**Information provided:**
--

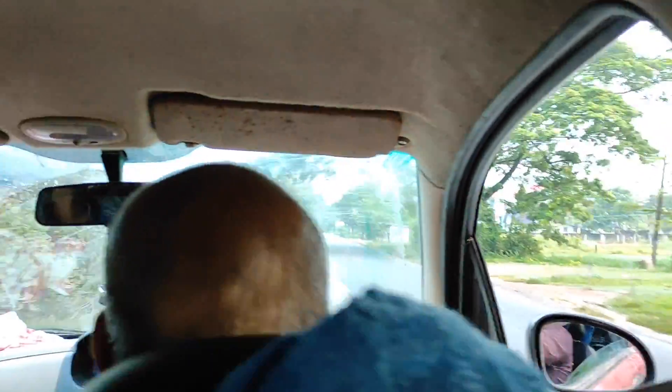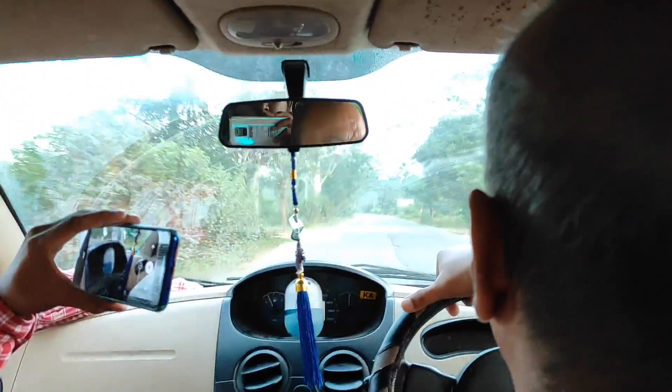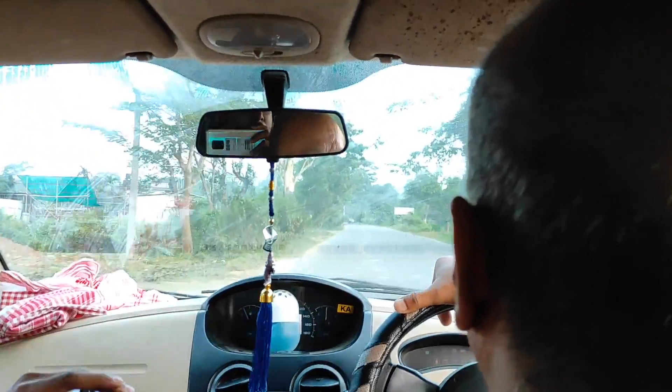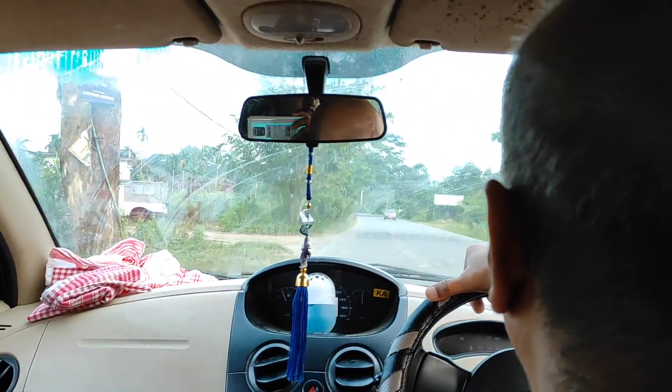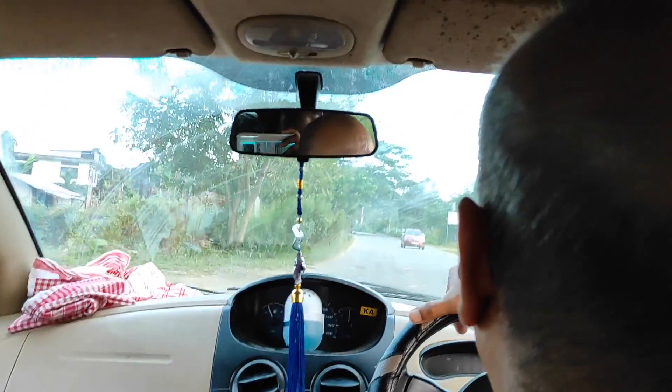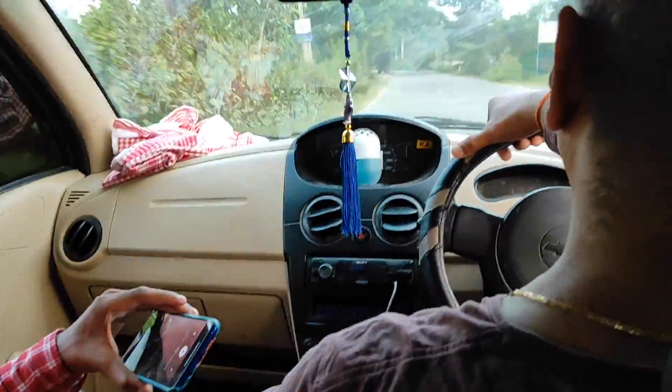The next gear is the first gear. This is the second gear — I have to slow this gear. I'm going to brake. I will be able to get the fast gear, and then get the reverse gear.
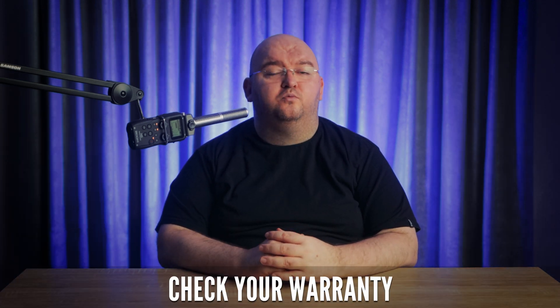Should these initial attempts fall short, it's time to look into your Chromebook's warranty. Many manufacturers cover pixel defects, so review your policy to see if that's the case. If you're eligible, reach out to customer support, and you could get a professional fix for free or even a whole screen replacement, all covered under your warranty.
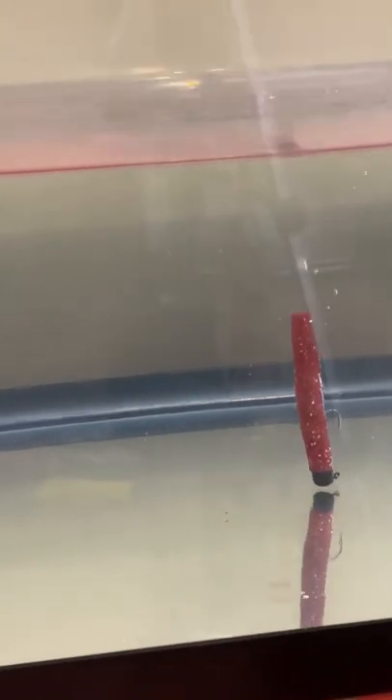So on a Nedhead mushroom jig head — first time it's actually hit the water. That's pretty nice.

--

**Assigned task:**
Each line above should be written out again exactly, without any image.

**Expected output:**
The next gear is the first gear. This is the second gear — I have to slow this gear. I'm going to brake. I will be able to get the fast gear, and then get the reverse gear.
Should these initial attempts fall short, it's time to look into your Chromebook's warranty. Many manufacturers cover pixel defects, so review your policy to see if that's the case. If you're eligible, reach out to customer support, and you could get a professional fix for free or even a whole screen replacement, all covered under your warranty.
So on a Nedhead mushroom jig head — first time it's actually hit the water. That's pretty nice.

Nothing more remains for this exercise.